CHICAGO — Kroger Co., the largest U.S. grocery- store chain, has agreed to buy Harris Teeter Supermarkets Inc. for $2.5 billion in cash to bolster its presence in the southeast part of the country.
The offer of $49.38 per share is 34 percent more than Harris Teeter’s closing price on Jan. 18, the day of the first media report that the chain was evaluating strategic alternatives, according to a statement Tuesday.
The buyout gives Kroger control of a chain that had revenue of $4.54 billion last year and 212 stores in southeastern states, including North Carolina, Virginia and South Carolina. Kroger, which will finance the transaction with debt, said the combination will bring annual savings of $40 million to $60 million in the next three to four years.

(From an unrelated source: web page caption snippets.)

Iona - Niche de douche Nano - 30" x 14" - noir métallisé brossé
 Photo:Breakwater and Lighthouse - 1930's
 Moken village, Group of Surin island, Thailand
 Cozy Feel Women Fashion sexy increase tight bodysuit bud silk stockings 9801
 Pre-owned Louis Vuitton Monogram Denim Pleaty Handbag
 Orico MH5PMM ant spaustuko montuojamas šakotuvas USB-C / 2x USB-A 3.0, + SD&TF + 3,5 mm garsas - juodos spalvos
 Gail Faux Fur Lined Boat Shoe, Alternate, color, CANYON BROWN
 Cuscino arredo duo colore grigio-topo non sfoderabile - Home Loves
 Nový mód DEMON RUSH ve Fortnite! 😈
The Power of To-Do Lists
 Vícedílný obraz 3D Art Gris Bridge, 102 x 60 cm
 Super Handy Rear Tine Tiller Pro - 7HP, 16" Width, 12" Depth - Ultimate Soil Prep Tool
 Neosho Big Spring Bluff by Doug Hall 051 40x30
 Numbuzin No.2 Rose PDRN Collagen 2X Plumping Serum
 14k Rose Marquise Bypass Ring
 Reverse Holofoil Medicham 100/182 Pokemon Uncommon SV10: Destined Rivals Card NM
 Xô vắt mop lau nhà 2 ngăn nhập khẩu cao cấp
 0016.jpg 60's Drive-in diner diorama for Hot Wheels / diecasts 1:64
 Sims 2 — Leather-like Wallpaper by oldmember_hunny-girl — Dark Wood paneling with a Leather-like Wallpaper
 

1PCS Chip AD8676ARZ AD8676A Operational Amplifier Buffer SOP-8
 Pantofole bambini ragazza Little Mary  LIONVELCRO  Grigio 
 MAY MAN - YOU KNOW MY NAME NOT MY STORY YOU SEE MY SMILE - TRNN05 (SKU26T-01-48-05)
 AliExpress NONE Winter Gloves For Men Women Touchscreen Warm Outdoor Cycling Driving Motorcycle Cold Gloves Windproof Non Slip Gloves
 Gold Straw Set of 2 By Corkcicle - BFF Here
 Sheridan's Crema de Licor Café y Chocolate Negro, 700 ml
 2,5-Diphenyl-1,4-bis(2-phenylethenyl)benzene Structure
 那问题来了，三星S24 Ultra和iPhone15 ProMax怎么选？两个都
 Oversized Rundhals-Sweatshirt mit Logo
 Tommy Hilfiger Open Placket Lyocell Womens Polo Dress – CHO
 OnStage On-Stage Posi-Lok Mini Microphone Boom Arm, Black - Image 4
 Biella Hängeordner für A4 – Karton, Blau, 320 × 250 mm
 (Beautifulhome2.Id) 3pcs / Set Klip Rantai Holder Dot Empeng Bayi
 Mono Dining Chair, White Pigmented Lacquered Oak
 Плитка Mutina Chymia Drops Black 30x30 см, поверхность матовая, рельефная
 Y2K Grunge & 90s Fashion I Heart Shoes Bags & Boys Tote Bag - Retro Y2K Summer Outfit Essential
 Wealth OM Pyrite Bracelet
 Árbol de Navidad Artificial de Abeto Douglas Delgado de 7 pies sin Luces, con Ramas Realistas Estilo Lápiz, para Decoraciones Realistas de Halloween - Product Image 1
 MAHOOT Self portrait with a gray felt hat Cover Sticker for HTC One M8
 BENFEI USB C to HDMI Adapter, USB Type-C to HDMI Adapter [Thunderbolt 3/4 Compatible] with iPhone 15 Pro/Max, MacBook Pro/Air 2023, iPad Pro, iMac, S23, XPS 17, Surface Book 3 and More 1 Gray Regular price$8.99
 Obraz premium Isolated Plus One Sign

“It strengthens Kroger’s position in the southeast, especially the quarter from Charlotte through Baltimore,” Charles Cerankosky, a Cleveland-based analyst at Northcoast Research, said in an interview. “Harris Teeter has a very strong quality and service profile. They have great value, but you don’t go there to buy cheap seafood, you go there to buy great seafood.”
The deal will be the fourth-largest acquisition of a North American food retailer in the past 10 years, according to data compiled by Bloomberg. It’s also Kroger’s biggest takeover since 1998, when it bought Fred Meyer for more than $12 billion.
Kroger is paying 7.9 times earnings before interest, taxes, depreciation and amortization for Harris Teeter, the data show, higher than the median of 7 times for deals of more than $100 million in the industry over the past 10 years.
Harris Teeter disclosed in February that it hired JPMorgan Chase to evaluate options after receiving advances from two private-equity firms. The grocer has reported six straight quarters of sales increases, and revenue is expected to increase 5.2 percent to $4.77 billion in the year ending in September, according to analysts’ estimates compiled by Bloomberg.
Kroger last month boosted its full-year adjusted profit forecast to as much as $2.80 a share after first-quarter sales increased. Revenue at the company, which last year introduced its own brand of organic foods called Simple Truth, has been helped by its private-label business.
Kroger had $247 million in cash and near-cash items as of May 25, according to a filing with the U.S. Securities and Exchange Commission. It had $7.53 billion in debt, excluding capital leases and financing obligations, the filing shows.
With Harris Teeter’s stores, Kroger will have 2,631 supermarkets and more than 368,300 employees, the companies said.